Brandon Roy“I couldn’t even sleep that night, I was so happy about that,” Roy recalls. “I think I only had, like, four points, but that dunk felt like 20.”

It may surprise fans of the mature Brandon Roy—who favors a slow-paced offense and likes to wear down flashier opponents with grit, finesse and grace under pressure—to learn that he was once known mainly for his 42-inch vertical leap. “Brandon could jump higher than any other person I’ve ever seen on the floor,” says Cole Allen, Roy’s best friend since high school. He remembers the day after the 2000 NBA Slam Dunk Contest. “Brandon was in the gym during lunchtime, duplicating those dunks in front of the whole school.”
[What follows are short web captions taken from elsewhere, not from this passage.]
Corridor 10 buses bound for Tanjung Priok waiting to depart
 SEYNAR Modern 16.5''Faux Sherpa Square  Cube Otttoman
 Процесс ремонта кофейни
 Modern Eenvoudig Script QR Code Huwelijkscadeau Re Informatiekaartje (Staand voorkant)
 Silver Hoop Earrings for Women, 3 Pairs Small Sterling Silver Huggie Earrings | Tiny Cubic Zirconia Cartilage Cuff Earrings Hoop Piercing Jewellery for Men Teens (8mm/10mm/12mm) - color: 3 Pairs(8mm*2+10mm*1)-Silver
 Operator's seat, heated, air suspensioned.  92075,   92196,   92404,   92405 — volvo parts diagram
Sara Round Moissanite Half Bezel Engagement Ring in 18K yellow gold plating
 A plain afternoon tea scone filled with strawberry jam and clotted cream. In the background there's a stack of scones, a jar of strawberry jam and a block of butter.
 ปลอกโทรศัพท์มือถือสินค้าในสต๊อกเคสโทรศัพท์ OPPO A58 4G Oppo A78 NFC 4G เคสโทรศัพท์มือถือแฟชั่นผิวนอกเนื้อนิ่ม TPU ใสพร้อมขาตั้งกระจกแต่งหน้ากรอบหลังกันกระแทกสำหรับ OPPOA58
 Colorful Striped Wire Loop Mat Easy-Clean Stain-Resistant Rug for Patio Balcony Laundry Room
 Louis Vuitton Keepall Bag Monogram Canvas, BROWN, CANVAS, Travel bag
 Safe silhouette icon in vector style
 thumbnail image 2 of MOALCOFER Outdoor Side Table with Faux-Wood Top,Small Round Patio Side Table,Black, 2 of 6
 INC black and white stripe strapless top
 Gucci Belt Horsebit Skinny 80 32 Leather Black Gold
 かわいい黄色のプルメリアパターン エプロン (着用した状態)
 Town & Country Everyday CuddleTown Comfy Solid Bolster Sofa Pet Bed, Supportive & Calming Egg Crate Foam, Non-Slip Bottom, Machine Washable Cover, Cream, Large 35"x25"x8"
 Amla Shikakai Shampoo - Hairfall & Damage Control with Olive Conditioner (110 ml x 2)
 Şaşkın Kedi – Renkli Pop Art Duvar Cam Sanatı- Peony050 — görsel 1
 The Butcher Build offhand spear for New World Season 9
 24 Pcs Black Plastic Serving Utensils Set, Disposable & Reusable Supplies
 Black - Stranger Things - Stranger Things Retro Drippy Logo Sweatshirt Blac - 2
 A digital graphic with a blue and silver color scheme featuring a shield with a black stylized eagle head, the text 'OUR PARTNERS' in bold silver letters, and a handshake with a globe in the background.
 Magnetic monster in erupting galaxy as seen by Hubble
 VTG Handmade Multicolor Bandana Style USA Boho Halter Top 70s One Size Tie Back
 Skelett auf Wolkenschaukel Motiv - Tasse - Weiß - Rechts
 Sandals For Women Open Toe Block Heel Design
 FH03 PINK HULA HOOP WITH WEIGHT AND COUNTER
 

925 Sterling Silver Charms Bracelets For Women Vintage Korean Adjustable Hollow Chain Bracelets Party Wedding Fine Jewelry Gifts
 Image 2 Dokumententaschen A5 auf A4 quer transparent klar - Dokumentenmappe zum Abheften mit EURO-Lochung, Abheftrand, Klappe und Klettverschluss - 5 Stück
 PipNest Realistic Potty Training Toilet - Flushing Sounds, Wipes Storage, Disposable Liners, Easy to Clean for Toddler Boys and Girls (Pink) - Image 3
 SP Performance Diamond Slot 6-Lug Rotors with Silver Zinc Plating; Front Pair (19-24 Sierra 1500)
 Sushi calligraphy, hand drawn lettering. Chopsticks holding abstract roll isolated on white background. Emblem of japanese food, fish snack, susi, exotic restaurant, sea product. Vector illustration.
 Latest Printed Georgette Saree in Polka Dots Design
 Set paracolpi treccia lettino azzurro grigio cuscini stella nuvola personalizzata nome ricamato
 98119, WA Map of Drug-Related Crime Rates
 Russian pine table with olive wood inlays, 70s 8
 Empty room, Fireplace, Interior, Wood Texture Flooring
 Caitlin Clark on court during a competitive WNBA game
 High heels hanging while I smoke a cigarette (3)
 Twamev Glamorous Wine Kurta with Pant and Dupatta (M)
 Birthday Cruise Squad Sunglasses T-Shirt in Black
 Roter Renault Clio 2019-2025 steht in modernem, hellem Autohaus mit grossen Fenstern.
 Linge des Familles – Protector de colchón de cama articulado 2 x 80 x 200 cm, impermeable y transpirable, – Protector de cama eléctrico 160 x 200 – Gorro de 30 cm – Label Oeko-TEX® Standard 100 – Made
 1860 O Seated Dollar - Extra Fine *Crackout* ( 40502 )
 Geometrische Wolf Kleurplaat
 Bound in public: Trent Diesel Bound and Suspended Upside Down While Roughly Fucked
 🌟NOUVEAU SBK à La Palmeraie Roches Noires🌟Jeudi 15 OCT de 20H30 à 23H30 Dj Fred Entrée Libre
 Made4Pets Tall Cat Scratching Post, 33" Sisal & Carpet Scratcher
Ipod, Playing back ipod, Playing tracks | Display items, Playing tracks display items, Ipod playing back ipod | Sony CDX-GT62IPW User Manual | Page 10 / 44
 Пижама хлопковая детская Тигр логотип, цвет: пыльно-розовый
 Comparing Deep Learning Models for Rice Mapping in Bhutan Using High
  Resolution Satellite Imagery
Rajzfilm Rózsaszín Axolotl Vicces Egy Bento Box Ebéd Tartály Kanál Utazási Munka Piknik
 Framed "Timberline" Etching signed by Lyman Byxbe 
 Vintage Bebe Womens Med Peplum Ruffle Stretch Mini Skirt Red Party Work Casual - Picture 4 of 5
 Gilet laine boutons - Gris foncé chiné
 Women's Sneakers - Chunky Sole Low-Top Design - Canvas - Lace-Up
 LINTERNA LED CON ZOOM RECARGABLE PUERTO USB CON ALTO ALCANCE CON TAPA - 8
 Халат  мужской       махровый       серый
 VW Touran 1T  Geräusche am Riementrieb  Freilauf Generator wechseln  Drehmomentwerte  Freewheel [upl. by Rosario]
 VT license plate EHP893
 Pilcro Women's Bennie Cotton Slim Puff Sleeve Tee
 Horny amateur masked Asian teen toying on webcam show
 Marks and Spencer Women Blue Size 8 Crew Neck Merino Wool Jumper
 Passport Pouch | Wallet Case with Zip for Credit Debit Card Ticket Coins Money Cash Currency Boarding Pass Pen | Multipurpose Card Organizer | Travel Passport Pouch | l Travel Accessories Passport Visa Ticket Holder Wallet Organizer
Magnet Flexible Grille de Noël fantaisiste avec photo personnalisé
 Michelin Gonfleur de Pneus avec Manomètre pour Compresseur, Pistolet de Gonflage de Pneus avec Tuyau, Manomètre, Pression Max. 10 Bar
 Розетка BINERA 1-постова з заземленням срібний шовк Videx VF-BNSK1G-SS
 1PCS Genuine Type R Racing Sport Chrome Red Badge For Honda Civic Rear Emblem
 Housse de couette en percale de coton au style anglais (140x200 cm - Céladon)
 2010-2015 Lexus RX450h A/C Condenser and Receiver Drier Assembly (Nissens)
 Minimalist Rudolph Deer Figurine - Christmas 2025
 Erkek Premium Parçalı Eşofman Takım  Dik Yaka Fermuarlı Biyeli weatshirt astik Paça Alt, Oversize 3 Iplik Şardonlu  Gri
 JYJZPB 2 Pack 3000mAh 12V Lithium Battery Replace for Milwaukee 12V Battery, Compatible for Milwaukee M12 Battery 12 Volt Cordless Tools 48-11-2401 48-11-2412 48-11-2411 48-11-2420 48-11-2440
In the years since, Roy has battled knee and ankle injuries, 7-foot centers, and his share of lousy luck, and has learned that some obstacles simply can’t be jumped over. But he has also proven extraordinarily skillful at finding other paths to the goal—whether in basketball, in the classroom, or in the world beyond. Indeed, if one sports cliché—“he can jump out of the gym”—no longer applies to Roy, another seems more appropriate every day: when it comes to potential, the man has no ceiling.

That’s a good thing, because at this point expectations are through the roof. As co-captain of the Portland Trail Blazers and reigning NBA Rookie of the Year, Roy is expected to put up big numbers every night, make everyone around him better, and help rehabilitate a troubled franchise.

It would seem like too much to ask of a second-year combo guard—if Roy weren’t doing it. With his indomitable game, he is leading the Blazers out of the cellar and into the playoffs. With his charisma and, possibly, clean-cut image, he is helping a city jaded by years of the “Jail Blazers” care about its only major-league sports team again. And with his work in the community, including service as a spokesperson for the UW’s Students First scholarship program (see “One More Assist”), he is using his newfound celebrity to make something even more important than big money—a big difference.

Like Bob Hope, who had six brothers and famously joked that he learned to dance “waiting for the bathroom,” Brandon Roy found out about sharing at an early age, growing up in a small West Seattle duplex with five other family members. His father, Tony Roy, drove a Metro bus for a living; his mother, Gina, worked in a grade school cafeteria. There was an abundance of love in the Roy home, but not much elbow room, and Brandon has attributed the unselfishness for which he’s known on the court to his upbringing in a family that was close in both senses. “I always felt I had to put my own selfish things aside,” he told the Seattle Times, “so my brother could have more, my sister could have more.”

For many years, that included yielding the spotlight. As an adolescent, Brandon Roy was known mainly as Ed Roy’s little brother. Two years Brandon’s senior and a standout in both football and basketball, Ed Roy cast a long shadow at Garfield. Brandon, meanwhile, was undersized and quiet. He didn’t start to see serious playing time in varsity games until the second half of his sophomore year, and didn’t really catch the eye of Coach Wayne Floyd until the day he dunked on Seamus Boxley.